Au demeurant vous voulez allez aux élections seul, avec des partis politiques satellites du CNDD-FDD, avec un fichier électoral à vous  et une complicité d’une Commission Electorale qui ne jure que par votre nom. Toute cette fraude électorale est mise en place dans le seul but de garder le pouvoir.

Excellence Monsieur le Président,

Vous avez raison d’avoir peur ! Vous avez raison de vous accrocher à ce pouvoir ! Comme dirait Charles de Gaule « je vous ai compris » ! En effet le registre de votre bilan possède des rubriques des crimes de sang et des crimes économiques qui donnent froid au dos. C’est le cas de :

Ø L’assassinat des trois sœurs italiennes de l’Eglise Catholique à Kamenge;

Ø L'assassinat des sœurs de Kiremba ;

Ø L’assassinat d’Ernest Manirumva avec le dossier du trafic des armes y relatif;

Ø Les massacres de Gatumba avec Nzarabu ;

Ø Les massacres de Muyinga ;

Ø L’incendie criminel des différents marchés,

Ø La vente de l’avion présidentiel FALCON 50 ;

Ø Le marché de l’exploitation du Nickel ;

Ø La taxe sur les communications internationales ;

Ø La vente du port de Bujumbura ;

Ø L’argent du pétrole du Nigeria ;

Ø L’argent de la dette ougandaise remboursée ;

Ø L’argent du terrain où est érigée l’ambassade des Etats Unis ;

Ø Les différents terrains de cultures vivrières que vous vous êtes octroyés à travers tout le pays ;

Ø Le terrain de Mwumba où vous avez érigé le fameux stade en expropriant de paisibles citoyens sans indemnité aucune ;

Ø Etc.

Excellence Monsieur le Président,

Certes ces dossiers sont lourds. Mais la meilleure façon de vous en sortir indemne n’est pas de narguer tout le peuple burundais en voulant rester au pouvoir à vie. Plus vous restez, plus le cercle de vos adversaires va s’agrandir. Regardez autour de vous dans votre propre camp, aujourd’hui vous ne savez plus à qui faire confiance. Avec ces biens mal acquis, vous avez réussi à creuser un fossé entre vos anciens compagnons de lutte démunis et une petite classe de bourgeois.  Dès lors la seule façon de vous en sortir, c’est de négocier à temps votre sortie. Vous êtes le produit d’une négociation : vous êtes entré au pouvoir par la porte des négociations, sortez par la même porte et « laisse partir mon peuple vers des lendemains meilleurs ».
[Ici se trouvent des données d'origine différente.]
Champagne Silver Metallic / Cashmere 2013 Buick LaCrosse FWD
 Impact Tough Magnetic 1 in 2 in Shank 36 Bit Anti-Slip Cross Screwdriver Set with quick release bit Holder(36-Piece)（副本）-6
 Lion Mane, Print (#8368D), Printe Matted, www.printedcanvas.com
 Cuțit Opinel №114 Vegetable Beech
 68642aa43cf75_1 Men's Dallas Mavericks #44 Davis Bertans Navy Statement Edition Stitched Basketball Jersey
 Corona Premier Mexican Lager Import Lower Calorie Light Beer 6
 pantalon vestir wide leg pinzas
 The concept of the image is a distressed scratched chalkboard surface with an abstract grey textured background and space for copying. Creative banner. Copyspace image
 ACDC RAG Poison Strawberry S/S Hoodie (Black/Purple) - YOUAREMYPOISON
Dans cette dynamique prenez le courage à deux mains et négocie avec l'opposition les préalables à l'organisation des élections apaisées, transparentes, inclusives et régulières. Ces préalables sont la libération des prisonniers politiques, le retour des exilés politiques, la libération de l'espace politique, l'abandon des poursuites judiciaires contre les leaders de l'opposition, l'annulation de la mascarade d'enrôlement des électeurs et la mise en place d'une nouvelle commission électorale paritaire. Si ce cadre n'est pas mis en place pour vider ces préalables, vous aurez des élections chaotiques qui vont ternir de plus belle votre image et hypothéquer votre sortie honorable. Vous aurez refuser de libérer le peuple burundais qui a pourtant soif de savourer les délices des vertus de la démocratie véritable.

Dans l’espoir d’une suite favorable, à cette lettre ouverte, je vous prie d’agréer, une fois de plus, Excellence Monsieur le Président, l’assurance de ma haute considération.